:: Supplied data ::
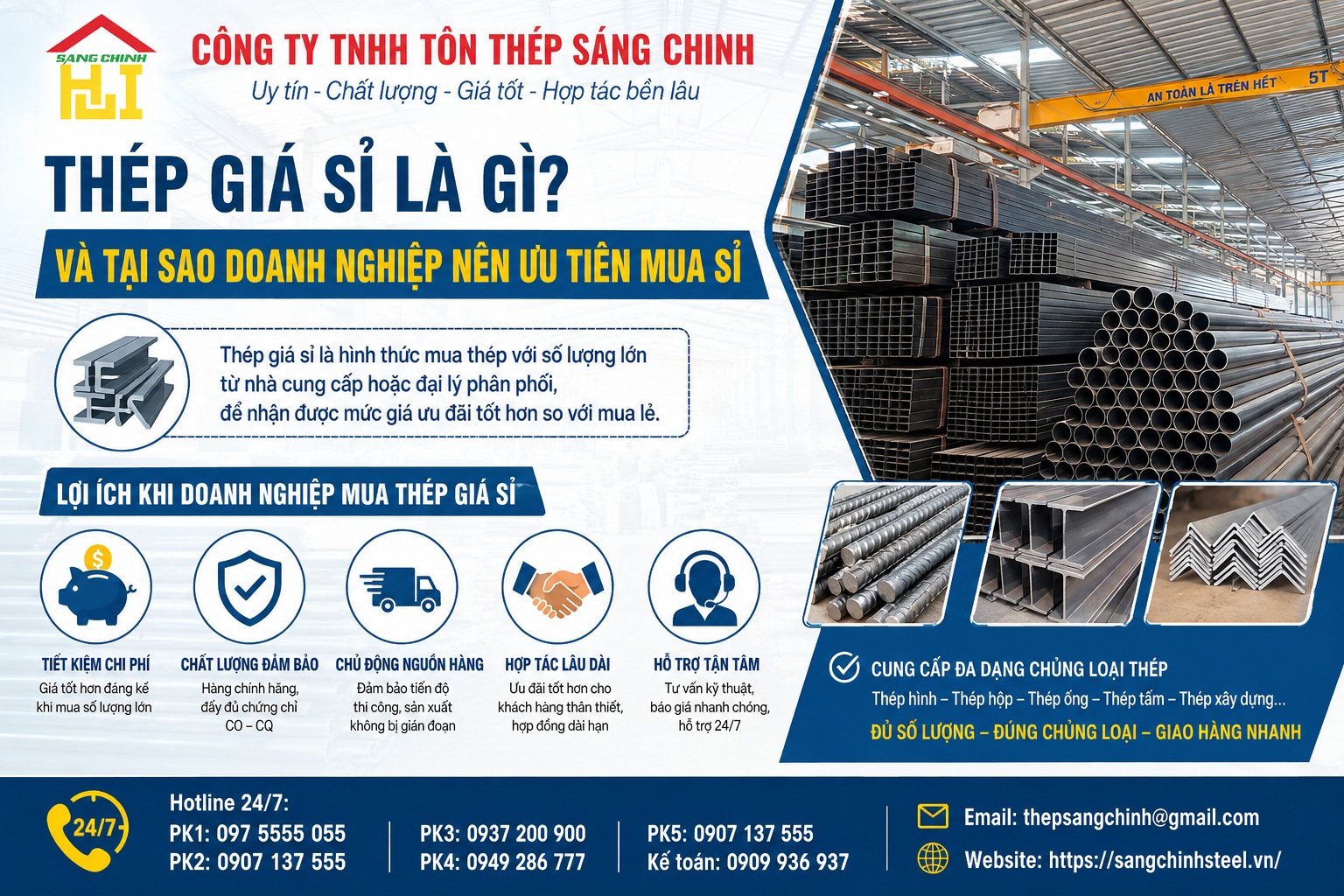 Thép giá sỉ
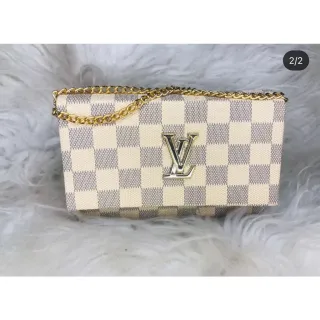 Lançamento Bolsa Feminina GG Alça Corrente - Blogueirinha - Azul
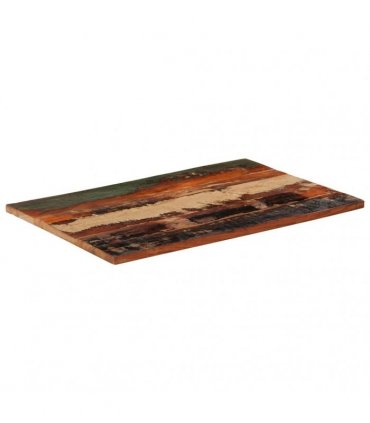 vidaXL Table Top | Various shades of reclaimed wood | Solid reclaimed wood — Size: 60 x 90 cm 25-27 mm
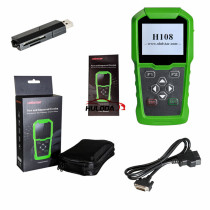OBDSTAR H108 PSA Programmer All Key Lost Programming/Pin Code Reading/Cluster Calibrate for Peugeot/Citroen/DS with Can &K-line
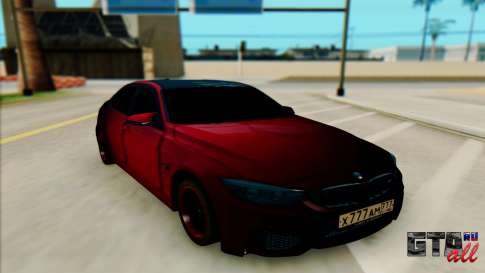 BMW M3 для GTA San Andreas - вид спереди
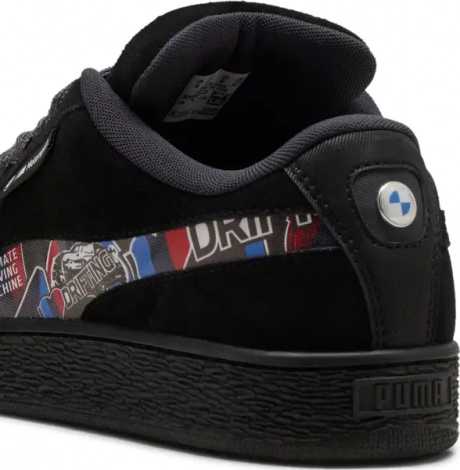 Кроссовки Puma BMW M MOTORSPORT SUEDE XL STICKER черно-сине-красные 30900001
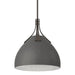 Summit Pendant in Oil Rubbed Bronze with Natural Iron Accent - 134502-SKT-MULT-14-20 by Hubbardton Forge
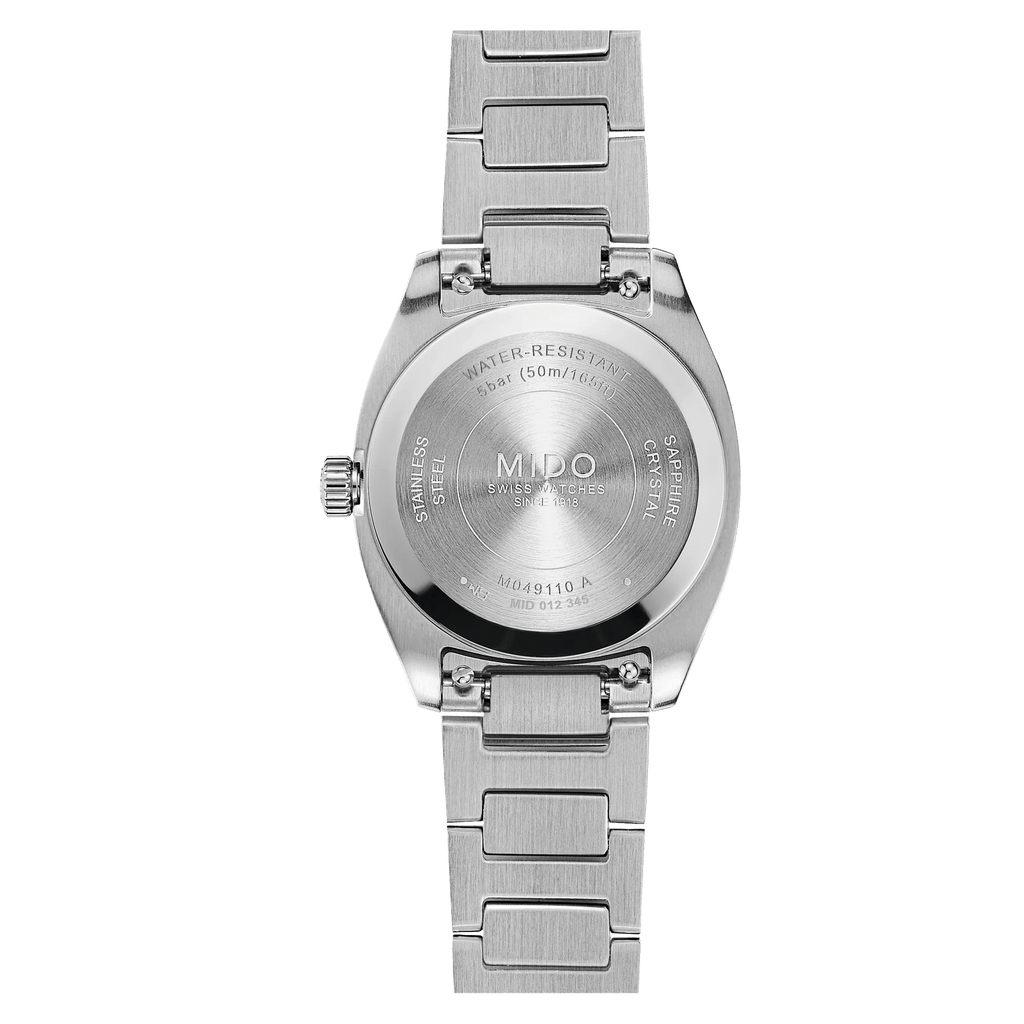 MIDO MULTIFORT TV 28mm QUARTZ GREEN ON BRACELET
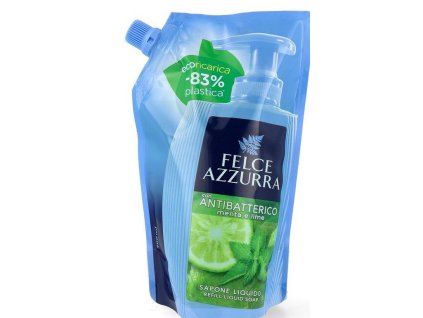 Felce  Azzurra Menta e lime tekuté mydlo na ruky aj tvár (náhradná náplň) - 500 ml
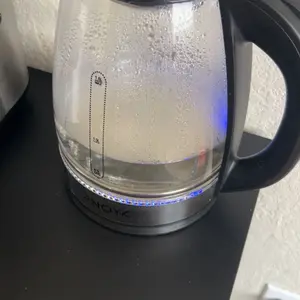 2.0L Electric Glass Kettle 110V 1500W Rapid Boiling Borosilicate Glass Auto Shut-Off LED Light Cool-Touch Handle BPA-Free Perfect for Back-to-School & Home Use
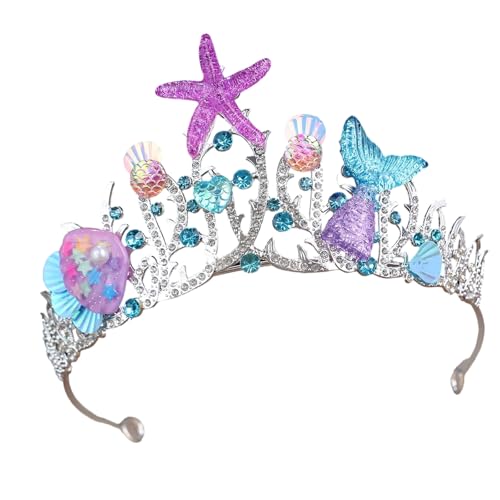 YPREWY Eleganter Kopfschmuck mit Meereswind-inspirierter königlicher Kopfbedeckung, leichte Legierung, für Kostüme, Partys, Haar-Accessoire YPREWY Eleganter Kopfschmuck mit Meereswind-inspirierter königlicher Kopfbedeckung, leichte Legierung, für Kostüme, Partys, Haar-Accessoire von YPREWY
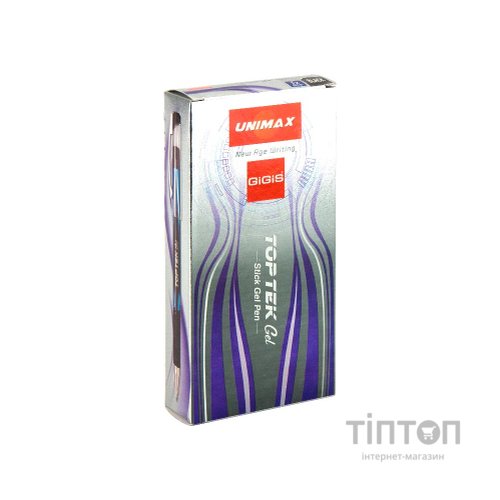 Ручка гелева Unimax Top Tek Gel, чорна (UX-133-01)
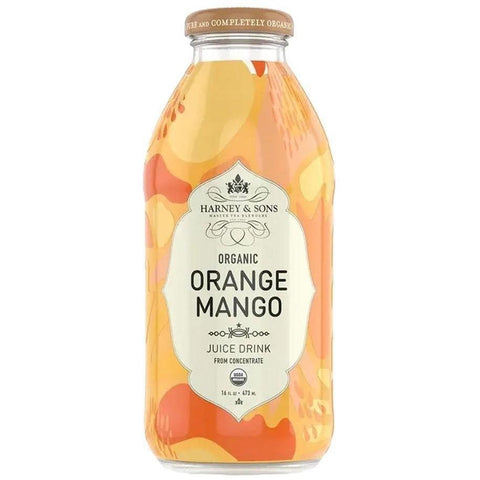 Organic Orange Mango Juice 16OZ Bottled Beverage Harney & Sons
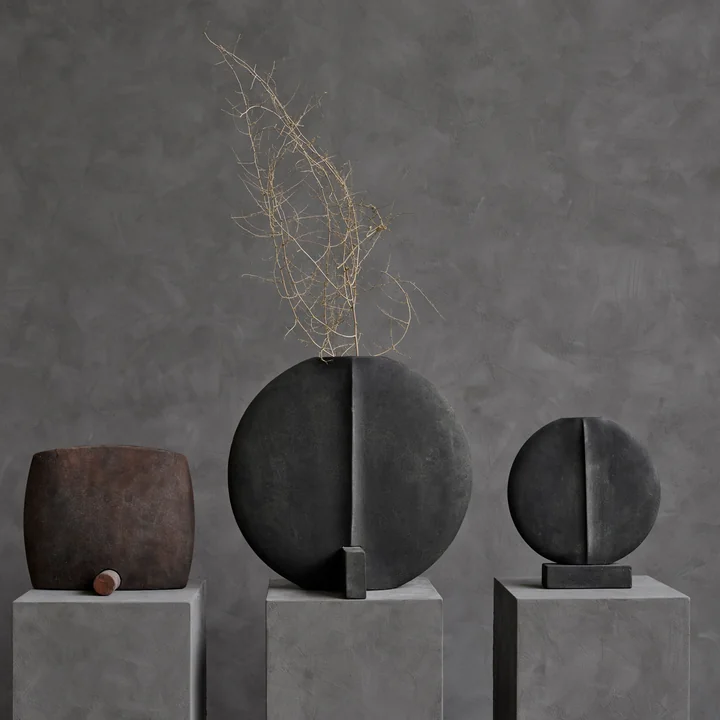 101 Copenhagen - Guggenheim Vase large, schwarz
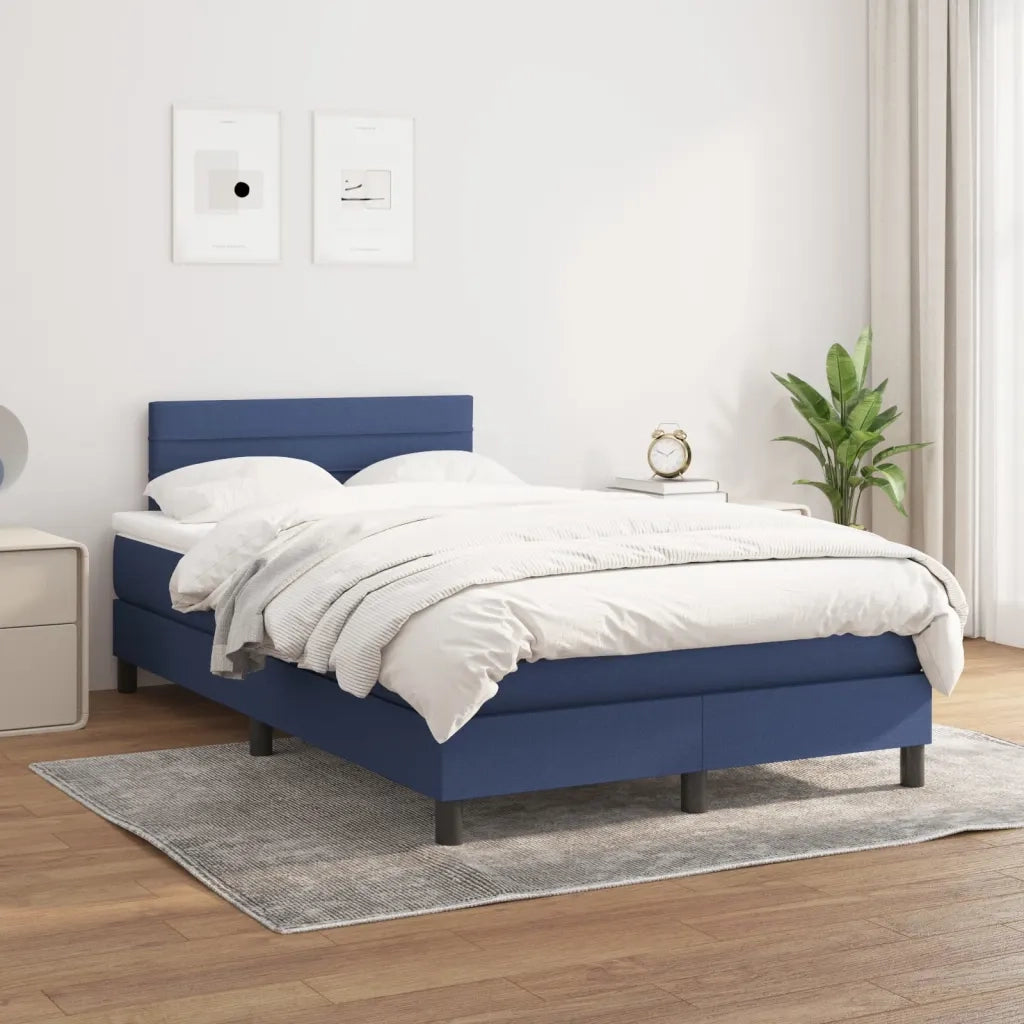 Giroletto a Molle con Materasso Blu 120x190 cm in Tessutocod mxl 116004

:: Requirement ::
Please print every record exactly, leaving out the pictures.

:: Result of the exercise ::
 Thép giá sỉ
 Lançamento Bolsa Feminina GG Alça Corrente - Blogueirinha - Azul
 vidaXL Table Top | Various shades of reclaimed wood | Solid reclaimed wood — Size: 60 x 90 cm 25-27 mm
OBDSTAR H108 PSA Programmer All Key Lost Programming/Pin Code Reading/Cluster Calibrate for Peugeot/Citroen/DS with Can &K-line
 BMW M3 для GTA San Andreas - вид спереди
 Кроссовки Puma BMW M MOTORSPORT SUEDE XL STICKER черно-сине-красные 30900001
 Summit Pendant in Oil Rubbed Bronze with Natural Iron Accent - 134502-SKT-MULT-14-20 by Hubbardton Forge
 MIDO MULTIFORT TV 28mm QUARTZ GREEN ON BRACELET
 Felce  Azzurra Menta e lime tekuté mydlo na ruky aj tvár (náhradná náplň) - 500 ml
 2.0L Electric Glass Kettle 110V 1500W Rapid Boiling Borosilicate Glass Auto Shut-Off LED Light Cool-Touch Handle BPA-Free Perfect for Back-to-School & Home Use
 YPREWY Eleganter Kopfschmuck mit Meereswind-inspirierter königlicher Kopfbedeckung, leichte Legierung, für Kostüme, Partys, Haar-Accessoire YPREWY Eleganter Kopfschmuck mit Meereswind-inspirierter königlicher Kopfbedeckung, leichte Legierung, für Kostüme, Partys, Haar-Accessoire von YPREWY
 Ручка гелева Unimax Top Tek Gel, чорна (UX-133-01)
 Organic Orange Mango Juice 16OZ Bottled Beverage Harney & Sons
 101 Copenhagen - Guggenheim Vase large, schwarz
 Giroletto a Molle con Materasso Blu 120x190 cm in Tessutocod mxl 116004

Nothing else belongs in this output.